Come accadde nel 2006, per l’appunto. Marcello Lippi lo sa bene e, per questo, punta nuovamente tutto sul gruppo. Come in Germania, più che in Germania. Perché allora c’erano elementi di valore tecnico assoluto come Alessandro Nesta, Francesco Totti e Alessandro Del Piero. Vero che, per un motivo o per l’altro, non riuscirono a dare il massimo delle proprie qualità ma è altrettanto vero riuscirono a essere decisivi anche in frammenti di partita: ricordate il rigore di Totti all’Australia e il 2-0 di Del Piero alla Germania. E quando vennero meno loro, ci pensò il gruppo a compensare. Stavolta però è diverso perché, quando il gruppo non ci arriverà con la forza collettiva, non sarà possibile chiedere aiuto al campione per mancanza di materia prima: imposta da Lippi (le non convocazioni di Totti e Del Piero) o imposta a Lippi (l’autoesclusione di Nesta).
Il ct ribadisce che non importa e che non è vero che la squadra è vecchia resta però l’impressione di limiti più marcati non solo rispetto a corazzate come Brasile e Spagna ma anche a formazioni del nostro livello ma che possono schierare chi Messi, chi Sneijder, chi Lampard. Un’Italia, come ha fatto notare Emanuele Gamba su La Repubblica, in cui non c’è un solo giocatore che abbia disputato i quarti di finale di Champions League oppure l’atto conclusivo dell’Europa League: altre nove Nazionali sono in questa situazione, e si parla di di Corea del Nord, Algeria e Nuova Zelanda – giusto per fare tre nomi – non dei campioni del mondo.

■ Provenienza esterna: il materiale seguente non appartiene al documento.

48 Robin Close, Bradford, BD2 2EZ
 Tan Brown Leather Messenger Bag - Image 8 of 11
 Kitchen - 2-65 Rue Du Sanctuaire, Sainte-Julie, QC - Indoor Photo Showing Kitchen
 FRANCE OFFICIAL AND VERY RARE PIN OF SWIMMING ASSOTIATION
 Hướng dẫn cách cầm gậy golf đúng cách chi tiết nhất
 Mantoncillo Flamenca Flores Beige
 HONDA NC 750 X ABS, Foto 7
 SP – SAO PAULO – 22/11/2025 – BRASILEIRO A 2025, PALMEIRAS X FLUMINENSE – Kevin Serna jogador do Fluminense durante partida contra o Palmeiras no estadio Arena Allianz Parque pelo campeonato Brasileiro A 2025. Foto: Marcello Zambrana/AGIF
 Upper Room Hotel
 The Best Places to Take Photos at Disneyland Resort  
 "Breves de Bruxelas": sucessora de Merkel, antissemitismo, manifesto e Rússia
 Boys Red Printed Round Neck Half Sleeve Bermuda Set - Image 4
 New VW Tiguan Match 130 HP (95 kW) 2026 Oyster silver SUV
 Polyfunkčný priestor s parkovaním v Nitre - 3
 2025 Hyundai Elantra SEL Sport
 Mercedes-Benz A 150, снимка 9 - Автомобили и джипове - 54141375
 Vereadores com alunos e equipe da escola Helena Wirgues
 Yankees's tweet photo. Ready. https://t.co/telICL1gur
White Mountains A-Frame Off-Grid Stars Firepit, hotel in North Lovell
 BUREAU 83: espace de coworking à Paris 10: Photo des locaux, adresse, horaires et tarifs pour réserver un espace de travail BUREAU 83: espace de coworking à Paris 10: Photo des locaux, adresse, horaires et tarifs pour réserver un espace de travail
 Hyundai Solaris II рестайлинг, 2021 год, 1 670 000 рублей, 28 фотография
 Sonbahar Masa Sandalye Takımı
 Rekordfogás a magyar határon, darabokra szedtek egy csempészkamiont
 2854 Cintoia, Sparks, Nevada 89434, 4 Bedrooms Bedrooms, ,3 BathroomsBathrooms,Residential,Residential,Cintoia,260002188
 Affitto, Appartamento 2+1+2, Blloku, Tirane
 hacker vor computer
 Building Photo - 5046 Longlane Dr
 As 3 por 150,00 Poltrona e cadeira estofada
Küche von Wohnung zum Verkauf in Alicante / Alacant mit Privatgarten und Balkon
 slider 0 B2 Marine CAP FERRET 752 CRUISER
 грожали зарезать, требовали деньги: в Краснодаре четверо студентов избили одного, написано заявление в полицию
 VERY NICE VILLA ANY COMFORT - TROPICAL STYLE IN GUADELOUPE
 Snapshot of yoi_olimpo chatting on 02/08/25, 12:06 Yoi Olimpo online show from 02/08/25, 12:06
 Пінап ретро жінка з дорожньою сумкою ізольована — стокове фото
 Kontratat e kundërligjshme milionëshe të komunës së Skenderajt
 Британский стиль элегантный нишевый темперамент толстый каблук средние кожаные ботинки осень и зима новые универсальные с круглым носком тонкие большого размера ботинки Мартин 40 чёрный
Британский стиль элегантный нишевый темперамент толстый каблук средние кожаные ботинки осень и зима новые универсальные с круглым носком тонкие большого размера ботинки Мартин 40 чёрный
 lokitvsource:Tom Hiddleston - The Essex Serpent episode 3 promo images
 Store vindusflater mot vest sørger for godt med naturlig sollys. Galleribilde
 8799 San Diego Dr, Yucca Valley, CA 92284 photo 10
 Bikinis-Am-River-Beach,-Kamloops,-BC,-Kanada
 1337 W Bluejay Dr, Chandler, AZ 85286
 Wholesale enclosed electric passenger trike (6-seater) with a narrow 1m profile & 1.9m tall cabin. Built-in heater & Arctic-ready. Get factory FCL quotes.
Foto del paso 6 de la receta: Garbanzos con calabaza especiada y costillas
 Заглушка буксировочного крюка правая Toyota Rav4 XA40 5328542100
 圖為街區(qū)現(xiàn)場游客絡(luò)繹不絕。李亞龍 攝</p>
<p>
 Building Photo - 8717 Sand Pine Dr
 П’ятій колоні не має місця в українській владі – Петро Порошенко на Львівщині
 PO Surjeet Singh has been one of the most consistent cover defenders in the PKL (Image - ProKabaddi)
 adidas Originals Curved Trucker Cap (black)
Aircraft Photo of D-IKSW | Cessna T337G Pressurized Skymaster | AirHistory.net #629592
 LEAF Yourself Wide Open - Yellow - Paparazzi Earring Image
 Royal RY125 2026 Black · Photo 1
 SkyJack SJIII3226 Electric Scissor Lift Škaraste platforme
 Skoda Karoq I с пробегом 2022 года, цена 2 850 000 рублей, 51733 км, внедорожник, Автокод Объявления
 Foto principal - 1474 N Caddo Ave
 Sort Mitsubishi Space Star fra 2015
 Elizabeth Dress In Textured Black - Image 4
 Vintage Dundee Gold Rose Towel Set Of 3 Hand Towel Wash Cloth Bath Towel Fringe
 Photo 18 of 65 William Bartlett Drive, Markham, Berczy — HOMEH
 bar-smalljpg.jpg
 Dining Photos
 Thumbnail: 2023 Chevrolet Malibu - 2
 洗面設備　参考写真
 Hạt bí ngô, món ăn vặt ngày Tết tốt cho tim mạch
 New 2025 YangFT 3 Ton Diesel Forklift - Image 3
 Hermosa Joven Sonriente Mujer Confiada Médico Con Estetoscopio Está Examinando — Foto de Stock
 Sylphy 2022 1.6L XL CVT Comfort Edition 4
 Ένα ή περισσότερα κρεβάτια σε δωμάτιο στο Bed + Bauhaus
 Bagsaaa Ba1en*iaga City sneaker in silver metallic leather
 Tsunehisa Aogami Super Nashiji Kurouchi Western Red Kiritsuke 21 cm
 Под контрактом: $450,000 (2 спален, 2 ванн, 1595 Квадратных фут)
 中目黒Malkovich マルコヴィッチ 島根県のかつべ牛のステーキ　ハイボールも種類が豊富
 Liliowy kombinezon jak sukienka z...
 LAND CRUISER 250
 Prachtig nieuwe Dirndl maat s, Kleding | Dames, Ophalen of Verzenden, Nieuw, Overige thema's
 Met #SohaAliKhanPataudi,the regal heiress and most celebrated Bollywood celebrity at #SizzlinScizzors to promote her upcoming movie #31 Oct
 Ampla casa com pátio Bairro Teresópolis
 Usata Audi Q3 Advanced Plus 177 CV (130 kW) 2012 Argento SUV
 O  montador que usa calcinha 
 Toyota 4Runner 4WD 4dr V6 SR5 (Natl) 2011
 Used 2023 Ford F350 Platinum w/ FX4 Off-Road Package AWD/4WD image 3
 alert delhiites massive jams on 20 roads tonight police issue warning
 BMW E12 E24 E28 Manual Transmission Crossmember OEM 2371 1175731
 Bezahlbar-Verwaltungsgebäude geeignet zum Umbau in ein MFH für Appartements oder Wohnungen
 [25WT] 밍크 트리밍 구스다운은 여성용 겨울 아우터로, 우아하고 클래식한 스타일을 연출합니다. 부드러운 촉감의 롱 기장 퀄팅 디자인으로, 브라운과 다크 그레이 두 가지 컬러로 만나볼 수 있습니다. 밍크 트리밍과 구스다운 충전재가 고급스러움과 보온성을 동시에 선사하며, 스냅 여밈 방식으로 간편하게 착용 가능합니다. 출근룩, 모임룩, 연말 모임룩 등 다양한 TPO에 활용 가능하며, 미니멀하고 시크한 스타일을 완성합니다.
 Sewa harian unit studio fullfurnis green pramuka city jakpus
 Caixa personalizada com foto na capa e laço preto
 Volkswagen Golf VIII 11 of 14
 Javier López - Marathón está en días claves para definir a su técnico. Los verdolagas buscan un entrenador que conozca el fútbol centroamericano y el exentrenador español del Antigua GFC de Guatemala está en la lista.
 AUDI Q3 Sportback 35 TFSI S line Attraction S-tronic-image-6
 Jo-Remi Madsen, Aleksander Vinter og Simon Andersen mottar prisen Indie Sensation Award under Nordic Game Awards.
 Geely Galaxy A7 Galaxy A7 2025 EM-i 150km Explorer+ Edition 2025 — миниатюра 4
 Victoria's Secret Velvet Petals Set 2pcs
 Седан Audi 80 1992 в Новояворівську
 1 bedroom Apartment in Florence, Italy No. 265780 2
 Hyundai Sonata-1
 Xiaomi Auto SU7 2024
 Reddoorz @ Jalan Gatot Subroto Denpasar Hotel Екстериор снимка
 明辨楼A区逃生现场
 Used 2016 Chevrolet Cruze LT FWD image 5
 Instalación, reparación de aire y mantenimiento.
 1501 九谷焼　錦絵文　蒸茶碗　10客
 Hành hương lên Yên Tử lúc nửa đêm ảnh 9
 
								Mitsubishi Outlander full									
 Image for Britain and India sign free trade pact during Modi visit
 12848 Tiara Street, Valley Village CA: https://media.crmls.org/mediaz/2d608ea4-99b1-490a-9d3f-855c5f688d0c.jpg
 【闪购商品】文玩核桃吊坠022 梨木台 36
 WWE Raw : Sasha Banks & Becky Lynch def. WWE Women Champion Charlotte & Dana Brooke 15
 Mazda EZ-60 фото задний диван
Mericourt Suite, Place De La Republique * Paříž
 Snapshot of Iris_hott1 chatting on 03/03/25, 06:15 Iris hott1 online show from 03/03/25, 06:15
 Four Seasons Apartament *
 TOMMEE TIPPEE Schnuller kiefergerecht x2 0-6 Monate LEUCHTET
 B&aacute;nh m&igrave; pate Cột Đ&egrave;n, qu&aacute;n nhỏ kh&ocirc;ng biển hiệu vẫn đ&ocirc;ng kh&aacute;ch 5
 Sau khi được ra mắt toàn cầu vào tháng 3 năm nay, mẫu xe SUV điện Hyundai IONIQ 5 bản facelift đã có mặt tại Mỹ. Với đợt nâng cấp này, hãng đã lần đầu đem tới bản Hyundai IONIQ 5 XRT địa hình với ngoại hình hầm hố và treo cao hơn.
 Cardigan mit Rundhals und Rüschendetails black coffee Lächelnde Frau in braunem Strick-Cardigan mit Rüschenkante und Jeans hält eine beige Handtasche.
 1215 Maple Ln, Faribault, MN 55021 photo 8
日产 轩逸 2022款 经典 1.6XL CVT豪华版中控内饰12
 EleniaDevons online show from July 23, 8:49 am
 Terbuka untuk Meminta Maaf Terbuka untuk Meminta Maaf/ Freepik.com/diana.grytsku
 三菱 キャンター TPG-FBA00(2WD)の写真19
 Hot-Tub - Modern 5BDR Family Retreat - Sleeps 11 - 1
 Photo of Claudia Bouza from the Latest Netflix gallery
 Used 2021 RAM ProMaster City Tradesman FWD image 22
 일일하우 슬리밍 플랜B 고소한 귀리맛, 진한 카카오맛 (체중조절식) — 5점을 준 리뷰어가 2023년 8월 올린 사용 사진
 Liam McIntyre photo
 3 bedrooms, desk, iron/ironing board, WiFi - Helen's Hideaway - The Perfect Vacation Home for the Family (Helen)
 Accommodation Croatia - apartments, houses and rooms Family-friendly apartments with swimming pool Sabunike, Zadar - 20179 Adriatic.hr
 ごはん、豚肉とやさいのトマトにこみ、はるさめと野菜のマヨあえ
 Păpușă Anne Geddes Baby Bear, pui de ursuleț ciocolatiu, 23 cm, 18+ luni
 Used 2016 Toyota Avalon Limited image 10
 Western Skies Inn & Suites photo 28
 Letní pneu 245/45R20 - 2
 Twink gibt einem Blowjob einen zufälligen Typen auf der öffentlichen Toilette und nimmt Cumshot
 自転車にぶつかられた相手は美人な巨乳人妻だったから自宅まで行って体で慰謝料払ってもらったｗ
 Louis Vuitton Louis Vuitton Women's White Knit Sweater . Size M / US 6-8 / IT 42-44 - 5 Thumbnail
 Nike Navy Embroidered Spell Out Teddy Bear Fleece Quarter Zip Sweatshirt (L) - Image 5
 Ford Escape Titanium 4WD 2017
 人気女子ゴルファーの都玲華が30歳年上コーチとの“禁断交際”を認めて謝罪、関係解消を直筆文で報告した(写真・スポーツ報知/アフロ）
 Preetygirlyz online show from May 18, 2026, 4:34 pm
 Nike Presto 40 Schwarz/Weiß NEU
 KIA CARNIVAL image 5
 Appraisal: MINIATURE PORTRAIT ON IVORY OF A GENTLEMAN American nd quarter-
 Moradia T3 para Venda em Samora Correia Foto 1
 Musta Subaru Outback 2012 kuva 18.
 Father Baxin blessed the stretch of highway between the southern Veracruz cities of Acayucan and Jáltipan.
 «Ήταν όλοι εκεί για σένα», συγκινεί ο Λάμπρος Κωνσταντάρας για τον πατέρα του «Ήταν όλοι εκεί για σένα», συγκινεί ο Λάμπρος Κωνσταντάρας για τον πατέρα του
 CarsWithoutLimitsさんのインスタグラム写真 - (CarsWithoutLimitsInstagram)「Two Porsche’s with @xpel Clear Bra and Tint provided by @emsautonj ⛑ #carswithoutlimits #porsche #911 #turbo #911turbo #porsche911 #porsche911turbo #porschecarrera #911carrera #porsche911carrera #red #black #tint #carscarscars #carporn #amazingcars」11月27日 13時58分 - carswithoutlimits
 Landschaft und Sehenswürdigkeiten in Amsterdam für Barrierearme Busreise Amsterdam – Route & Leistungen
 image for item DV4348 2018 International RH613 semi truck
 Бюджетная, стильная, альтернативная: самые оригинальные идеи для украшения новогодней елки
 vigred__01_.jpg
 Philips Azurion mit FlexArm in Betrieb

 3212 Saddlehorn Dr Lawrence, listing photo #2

Un dato che porta inesorabilmente alla luce la pochezza attuale del nostro calcio. Ma è dalla povertà che nascono le imprese più originali e incredibili, ed è questo su cui Lippi conta. Per viaggiare a fari spenti, lasciando agli altri l’onore e l’onere del ruolo, e per cullare il sogno di ripetere l’epopea tedesca, entrando così nella storia: due mondiali consecutivi come Vittorio Pozzo, unico a esserci riuscito quando il calcio era un altro sport.